Ok, I am going nuts trying to replace the sky in a pic that has trees. Any good tips on how to make a good clean selection around tree leaves?
Usually, it's best to use a background eraser tool or try a contrast mask selection first, which most versions of Photoshop and Paint Shop have. ; Trees are never easy especially with lots of branches and light peeking through. Here's what I do: First, copy your desired sky photo as a new layer over your original photo. ; Then move that layer to the background. Second, select the foreground layer (the ground & trees), and make a duplicate layer. ; Select the duplicate layer. ; Go to Saturation and reduce it 100% to make it B&W (don't do greyscale conversion as that may change the main layer, which you do not want). ; Then, go to the contrast adjustment tool...you want to boost contrast very high - 70% or so, then adjust the brightness as needed - the goal is to have the photo basically look like a inkblot test - the tree branches all pure black, the sky pure white. ; Adjust brightness and contrast until there are no grey in-betweens. ; This will give you a fairly accurate 'mask' from which to select all of the tree, including the myriad branches and leaves. ; Then using your selection wand, select the black portion of the photo. ; This should select all areas that are black. ; Then invert the selection area, which will highlight all white portions (hopefully, most of the sky). ; Then, click back on the original color ground & tree foreground layer so it is now the selected layer (you can hide the B&W layer to help you see what you're doing). ; Delete the selected area - and you'll see your newly desired sky show through. ; There may still be little bits of sky that didn't delete - usually outlines or halos around the branches. ; I then select the Background Eraser tool. ; Set it to sample only once, rather than continuously, so that when you click and drag to erase a desired portion of the photo, you are only erasing that specific point of color you clicked on. ; You can drag the eraser all over the layer, but it's only going to erase that one sampled color. ; Sometimes a little Soften tool around the edges of the branches can help transition the edges a little better. It's no small task replacing a sky around lots of trees!
depending on what version of photoshop you have (i don't know PSP) it can easily be done using the channels pallet. ; let me know if you want an in-depth explanation on this (article?)
I agree with Tim, easy way is through the channels pallet. ; I can give a pretty thorough tutorial if you'd like.
I think I know the channels way. ; Go to channels and find the channel that has the most contrast then use the levels adjustment and painting to make a black and white photo. ; Paint the edges with ether white or black with a blend mode of soft light to get the edges. ; Then load the load the channel as a selection? ; Is that the way you are talking about. Not sure how to do it via LAB.

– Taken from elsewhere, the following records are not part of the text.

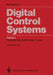 Digital Control Systems: Volume 1: Fundamentals, Deterministic Control by Rolf Isermann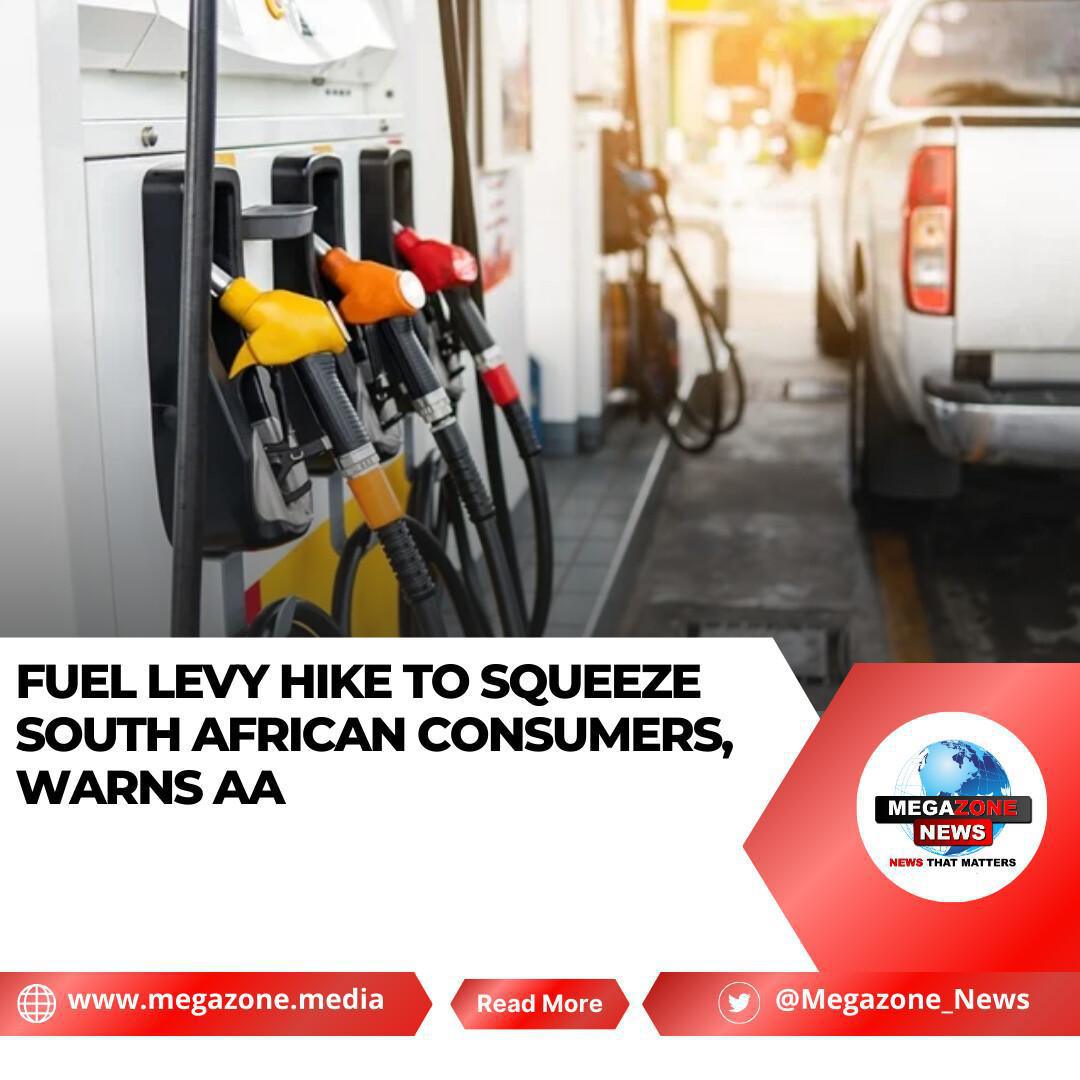 Fuel Levy Hike to Squeeze South African Consumers, Warns AA Fuel Levy Hike to Squeeze South African Consumers, Warns AA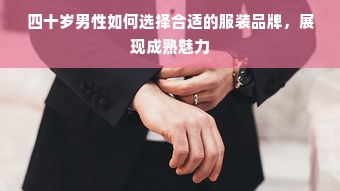 四十岁男性如何选择合适的服装品牌，展现成熟魅力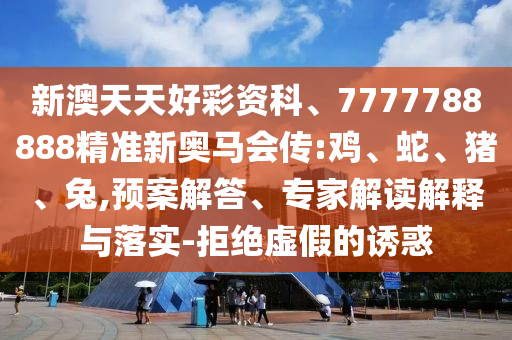 新澳天天好彩資科、7777788888精準新奧馬會傳:雞、蛇、豬、兔,預案解答、專家解讀解釋與落實-拒絕虛假的誘惑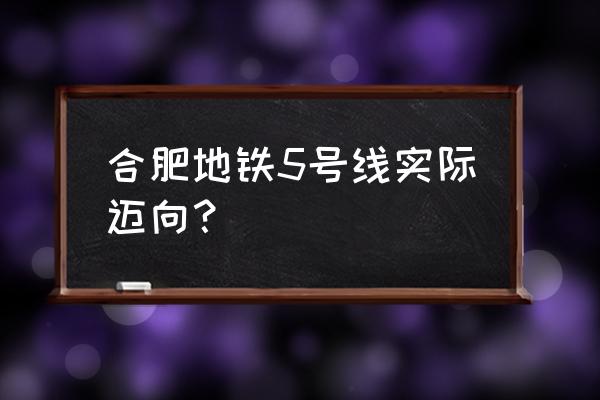 合肥地铁5号线站点名 合肥地铁5号线实际迈向？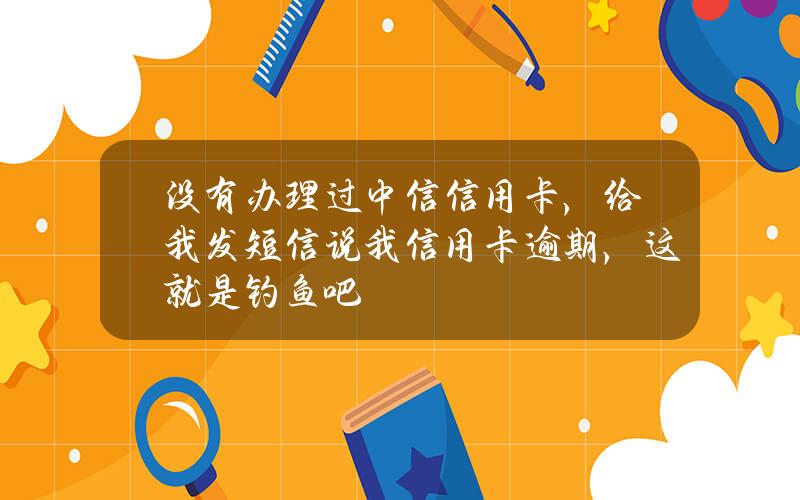 没有办理过中信信用卡，给我发短信说我信用卡逾期，这就是钓鱼吧？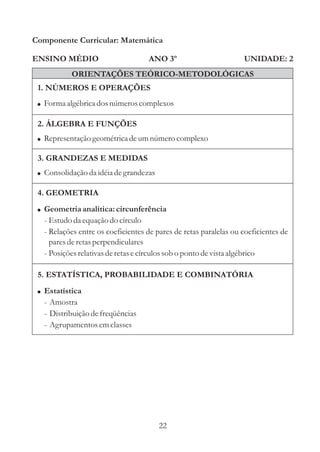 Componente Curricular: Matemática

ENSINO MÉDIO                       ANO 3º                         UNIDADE: 2
           ORIENTAÇÕES TEÓRICO-METODOLÓGICAS
 1. NÚMEROS E OPERAÇÕES
 ! Forma algébrica dos números complexos

 2. ÁLGEBRA E FUNÇÕES
 ! Representação geométrica de um número complexo

 3. GRANDEZAS E MEDIDAS
 ! Consolidação da idéia de grandezas

 4. GEOMETRIA
 ! Geometria analítica: circunferência
  - Estudo da equação do círculo
  - Relações entre os coeficientes de pares de retas paralelas ou coeficientes de
    pares de retas perpendiculares
  - Posições relativas de retas e círculos sob o ponto de vista algébrico

 5. ESTATÍSTICA, PROBABILIDADE E COMBINATÓRIA
 ! Estatística
  - Amostra
  - Distribuição de freqüências
  - Agrupamentos em classes




                                        22
 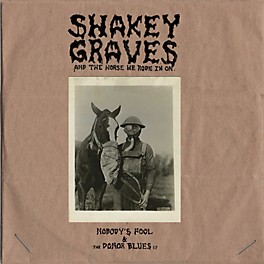 Alliance Shakey Graves - Shakey Graves And The Horse He Rode In On (Nobody's Fool & The Donor Blues EP)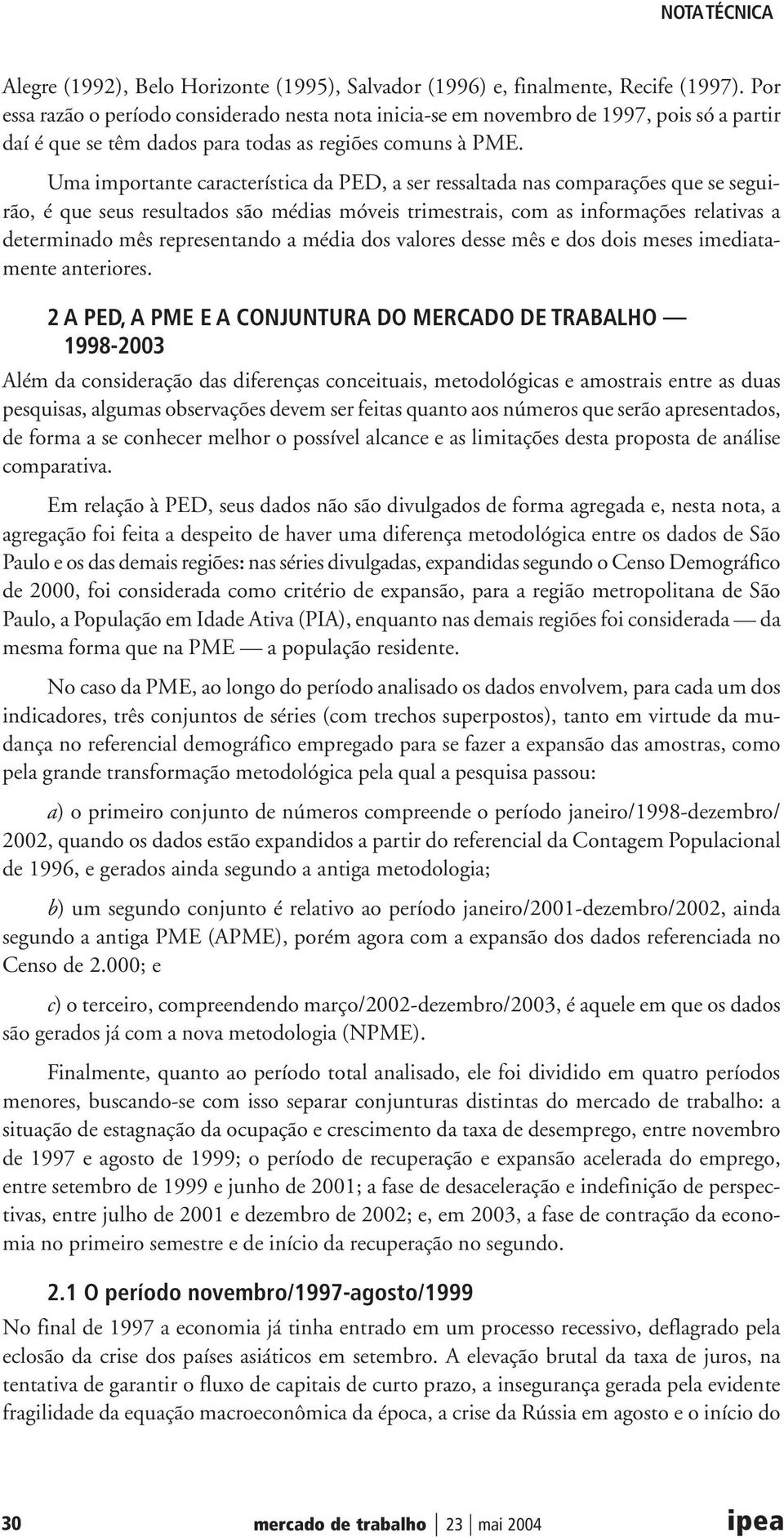 Uma importante característica da PED, a ser ressaltada nas comparações que se seguirão, é que seus resultados são médias móveis trimestrais, com as informações relativas a determinado mês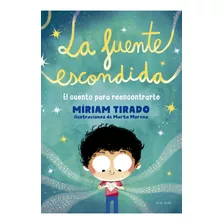 Fuente Escondida, La - Míriam Tirado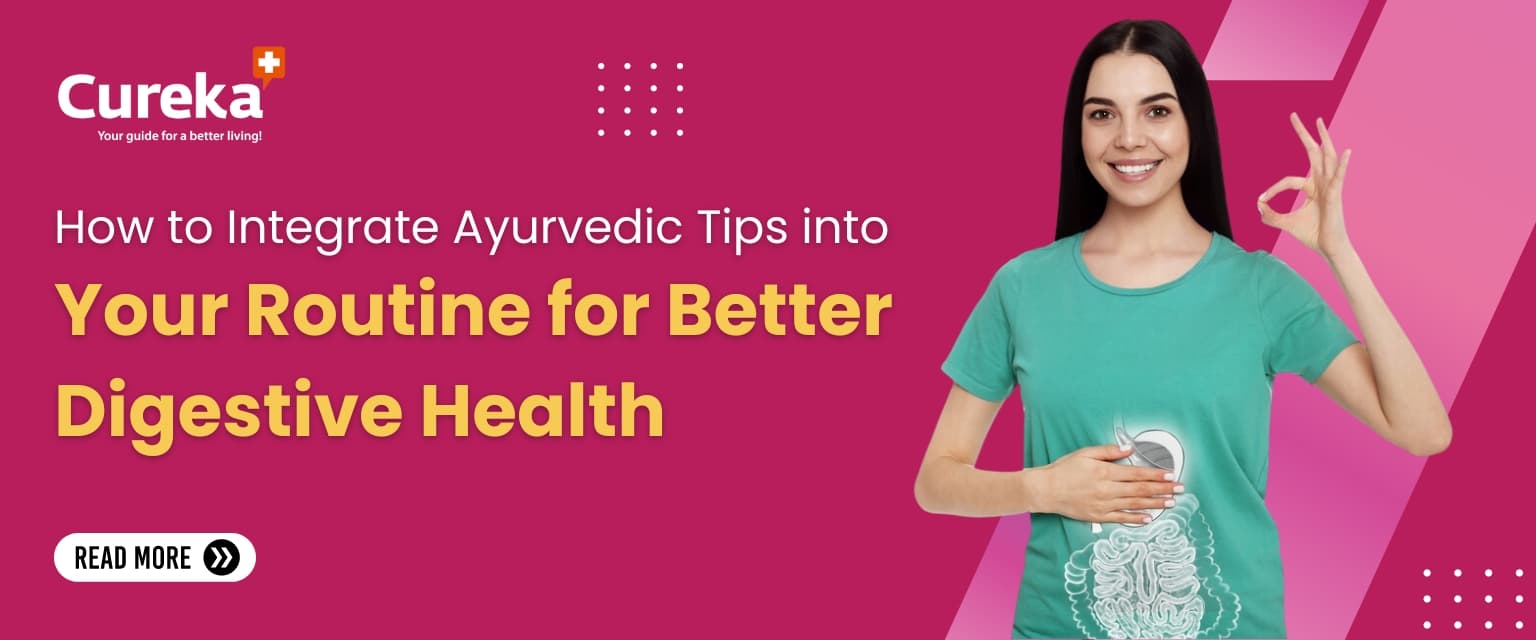 How to Integrate Ayurvedic Tips into Your Routine for Better Digestive Health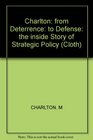 From Deterrence to Defence The Inside Story of Strategic Policy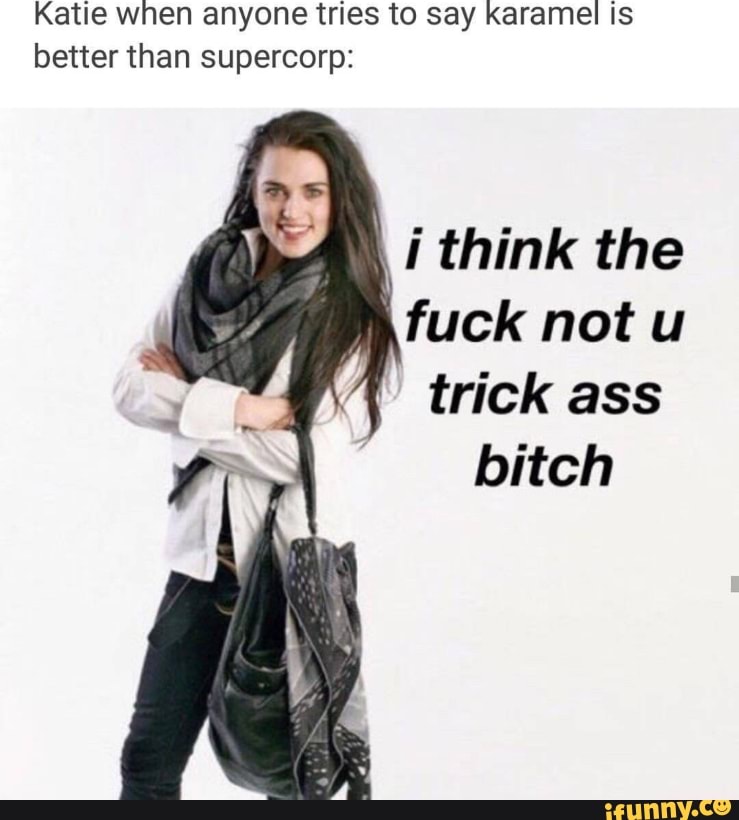I Think The Fuck Not You Trick Ass Bitch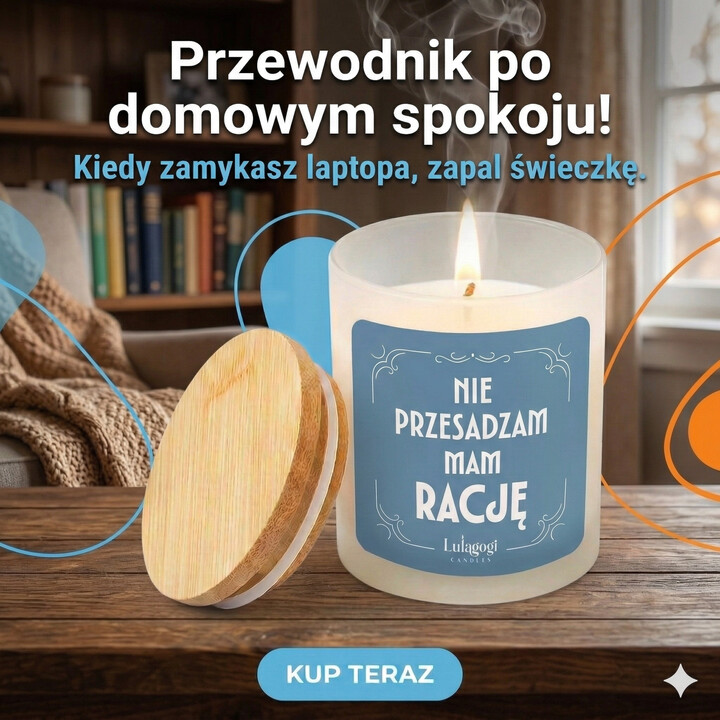 Nie przesadzam, mam rację - świeczka zapachowa na prezent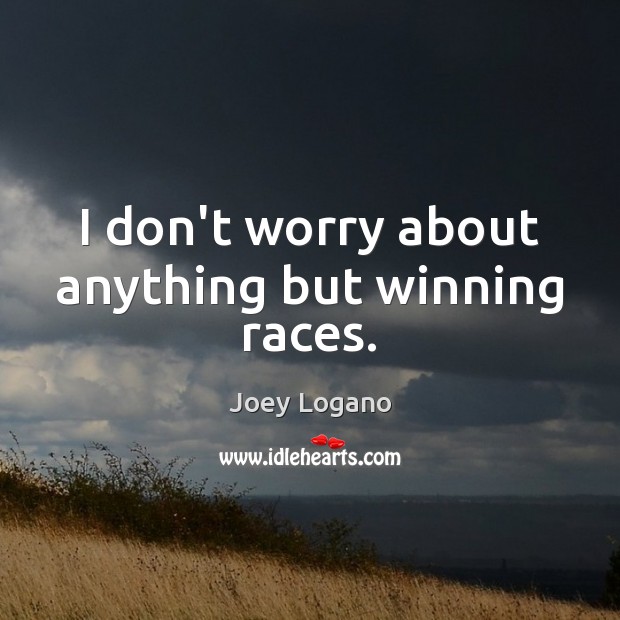 I don’t worry about anything but winning races. Joey Logano Picture Quote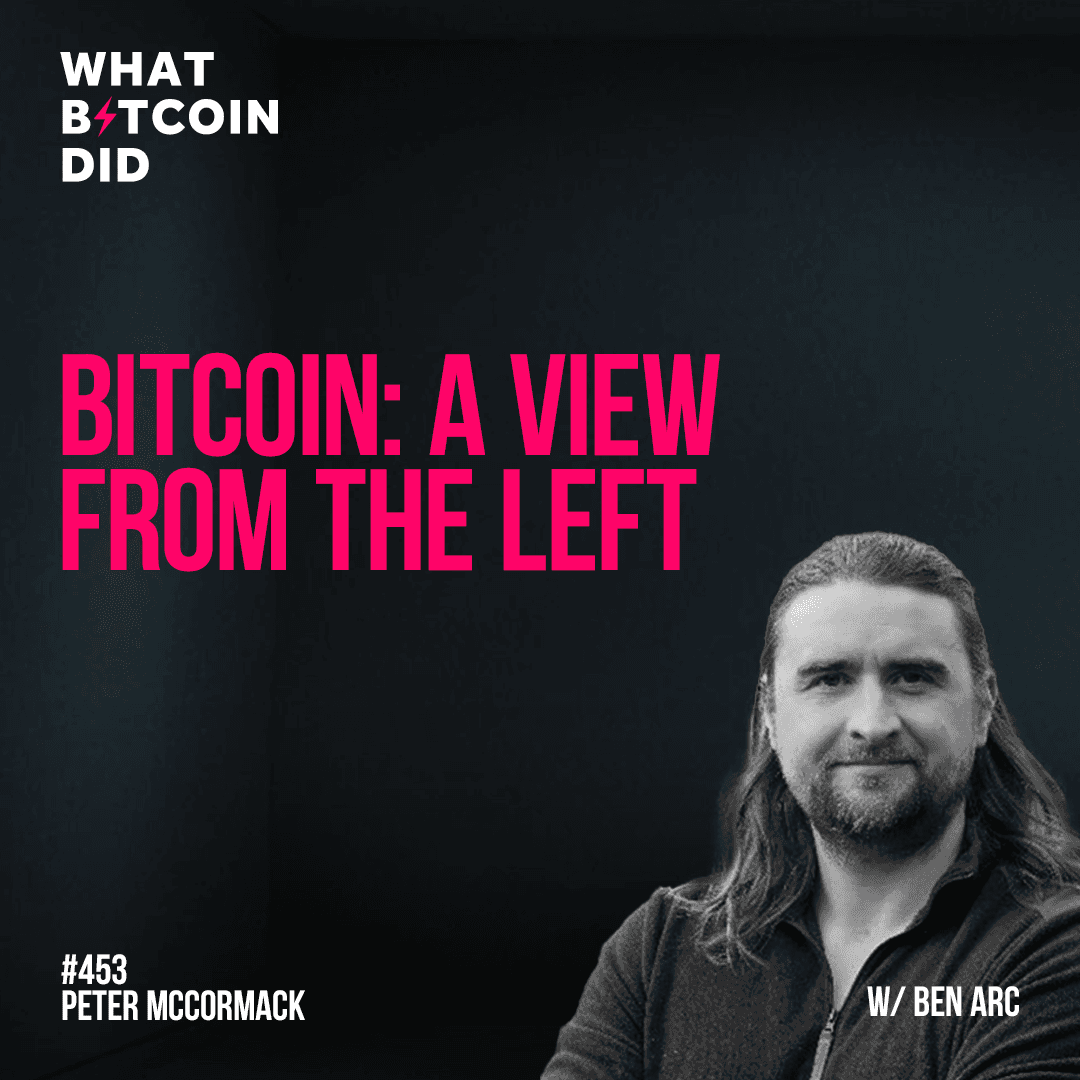 Bitcoin: A View From The Left with Ben Arc - WBD453 - The Peter McCormack Show cover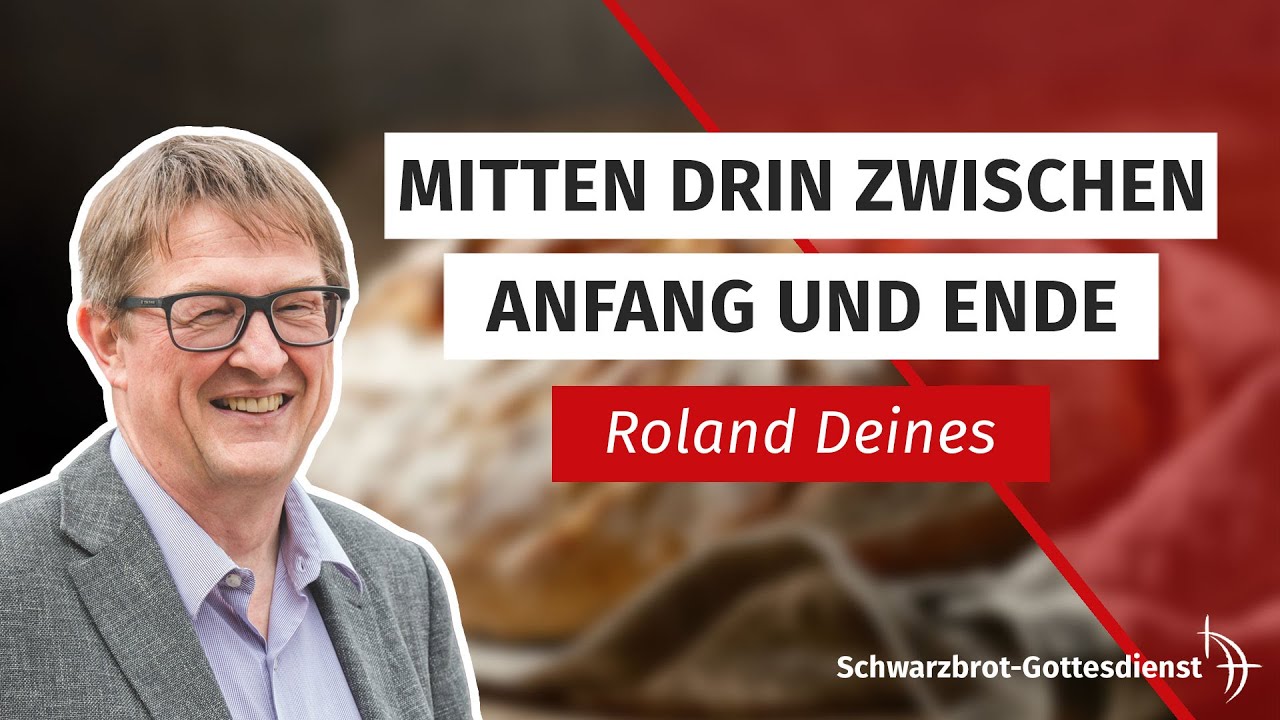Prof. Dr. Roland Deines | 06.11.2022 | Schwarzbrot-Gottesdienst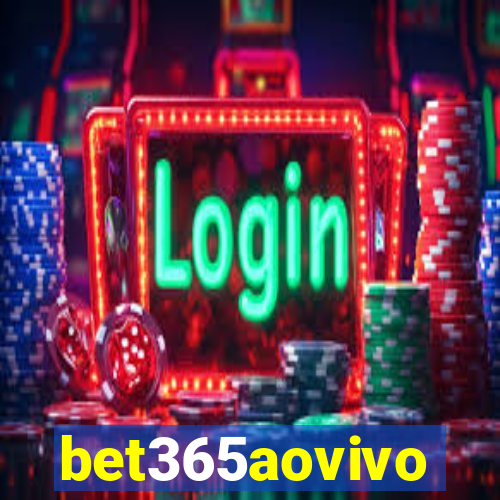 bet365aovivo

if you want to give it a shot, it might make a great idea for a new TMIP article. ; i will give you first dibs on it if you like!
overcomplicated. ; you see what channel has the best contrast and duplicate it. ; then you use levels to get the best possible black and white and ctrl+click the channel name which selects all of the new white areas. ; then replace the sky with a gradient or photo or whatever. ; do it in layers and you can use a mask to fix whatever parts didn't quite look right.
Have you tried the method Scott Kelby explains in the 7-Point book (LAB/Blend If)? ; I'm curious as to which you prefer.
i haven't tried that method. ; i like the way i described and once i find a way to do something comfortably, i try to not stray from it. ; i might check out the 'blend if' method just for kicks.
I've tried the blend-if method and could never get it to work. ; I'm going to try the other methods posted here and let you know how it comes out. ; I think part of the problem is that there is not a lot of contrast between the leaves and sky as the day was hazy. ; BTW, I am using CS4.